Date of this Version
Kaloriti D, Jacobsen M, Yin Z, Patterson M, Tillmann A, Smith DA, Cook E, You T, Grimm MJ, Bohovych I, Grebogi C, Segal BH, Gow NAR, Haynes K, Quinn J, Brown AJP. 2014. Mechanisms underlying the exquisite sensitivity of Candida albicans to combinatorial cationic and oxidative stress that enhances the potent fungicidal activity of phagocytes. mBio 5(4):e01334-14.

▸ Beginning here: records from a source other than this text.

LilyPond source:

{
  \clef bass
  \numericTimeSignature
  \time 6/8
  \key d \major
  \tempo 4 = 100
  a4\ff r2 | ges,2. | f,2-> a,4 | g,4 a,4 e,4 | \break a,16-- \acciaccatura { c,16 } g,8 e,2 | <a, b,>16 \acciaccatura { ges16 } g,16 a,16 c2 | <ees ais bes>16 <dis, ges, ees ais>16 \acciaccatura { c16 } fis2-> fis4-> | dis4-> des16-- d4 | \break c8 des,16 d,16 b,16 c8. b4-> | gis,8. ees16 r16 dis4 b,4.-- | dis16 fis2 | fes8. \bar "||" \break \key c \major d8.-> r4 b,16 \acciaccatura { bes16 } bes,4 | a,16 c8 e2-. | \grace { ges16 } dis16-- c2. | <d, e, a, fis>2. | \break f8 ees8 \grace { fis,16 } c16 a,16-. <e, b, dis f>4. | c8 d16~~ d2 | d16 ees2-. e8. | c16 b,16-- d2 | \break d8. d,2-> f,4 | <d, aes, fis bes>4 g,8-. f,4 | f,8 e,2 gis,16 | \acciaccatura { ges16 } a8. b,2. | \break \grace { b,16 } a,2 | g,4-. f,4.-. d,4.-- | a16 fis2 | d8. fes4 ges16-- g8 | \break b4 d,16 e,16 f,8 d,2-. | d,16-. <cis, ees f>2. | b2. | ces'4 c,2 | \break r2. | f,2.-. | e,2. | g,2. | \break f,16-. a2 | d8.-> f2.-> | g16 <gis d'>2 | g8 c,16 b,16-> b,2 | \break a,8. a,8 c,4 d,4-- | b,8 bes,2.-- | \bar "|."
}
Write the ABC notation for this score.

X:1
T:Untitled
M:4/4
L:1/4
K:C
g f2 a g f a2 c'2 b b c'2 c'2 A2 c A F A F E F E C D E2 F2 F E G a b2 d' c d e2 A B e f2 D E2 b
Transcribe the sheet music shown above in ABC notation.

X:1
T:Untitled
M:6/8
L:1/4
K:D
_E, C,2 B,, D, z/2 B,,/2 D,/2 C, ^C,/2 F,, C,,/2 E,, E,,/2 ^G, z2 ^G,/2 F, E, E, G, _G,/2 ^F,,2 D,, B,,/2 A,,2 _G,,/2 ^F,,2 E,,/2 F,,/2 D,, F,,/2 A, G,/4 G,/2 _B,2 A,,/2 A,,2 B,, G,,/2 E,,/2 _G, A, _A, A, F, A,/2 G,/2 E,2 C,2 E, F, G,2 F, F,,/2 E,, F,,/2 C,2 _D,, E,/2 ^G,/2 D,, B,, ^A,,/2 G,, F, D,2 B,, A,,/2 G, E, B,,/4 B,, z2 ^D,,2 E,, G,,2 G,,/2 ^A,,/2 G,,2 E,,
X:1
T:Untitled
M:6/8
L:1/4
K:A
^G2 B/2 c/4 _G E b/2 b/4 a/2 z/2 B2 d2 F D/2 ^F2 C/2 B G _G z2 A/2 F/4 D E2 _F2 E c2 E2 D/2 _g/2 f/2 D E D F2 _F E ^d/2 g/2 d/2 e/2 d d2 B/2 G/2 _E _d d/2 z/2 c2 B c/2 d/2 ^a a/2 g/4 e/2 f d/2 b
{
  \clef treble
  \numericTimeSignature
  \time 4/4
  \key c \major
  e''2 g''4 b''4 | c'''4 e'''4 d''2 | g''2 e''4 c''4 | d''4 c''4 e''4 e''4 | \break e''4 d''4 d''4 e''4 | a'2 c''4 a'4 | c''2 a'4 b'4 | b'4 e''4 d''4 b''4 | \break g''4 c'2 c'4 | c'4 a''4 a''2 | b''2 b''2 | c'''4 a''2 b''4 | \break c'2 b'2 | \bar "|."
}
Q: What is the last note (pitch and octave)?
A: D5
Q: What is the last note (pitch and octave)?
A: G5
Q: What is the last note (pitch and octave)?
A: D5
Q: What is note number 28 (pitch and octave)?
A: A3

Immune cells exploit reactive oxygen species (ROS) and cationic fluxes to kill microbial pathogens, such as the fungus
Candida albicans. Yet, C. albicans is resistant to these stresses in vitro. Therefore, what accounts for the potent antifungal activity
of neutrophils? We show that simultaneous exposure to oxidative and cationic stresses is much more potent than the individual
stresses themselves and that this combinatorial stress kills C. albicans synergistically in vitro.We also show that the high
fungicidal activity of human neutrophils is dependent on the combinatorial effects of the oxidative burst and cationic fluxes, as
their pharmacological attenuation with apocynin or glibenclamide reduced phagocytic potency to a similar extent. The mechanistic
basis for the extreme potency of combinatorial cationic plus oxidative stress—a phenomenon we term stress pathway interference—
lies with the inhibition of hydrogen peroxide detoxification by the cations. In C. albicans this causes the intracellular
accumulation of ROS, the inhibition of Cap1 (a transcriptional activator that normally drives the transcriptional response to
oxidative stress), and altered readouts of the stress-activated protein kinase Hog1. This leads to a loss of oxidative and cationic
stress transcriptional outputs, a precipitous collapse in stress adaptation, and cell death. This stress pathway interference can be
suppressed by ectopic catalase (Cat1) expression, which inhibits the intracellular accumulation of ROS and the synergistic killing
of C. albicans cells by combinatorial cationic plus oxidative stress. Stress pathway interference represents a powerful fungicidal
mechanism employed by the host that suggests novel approaches to potentiate antifungal therapy.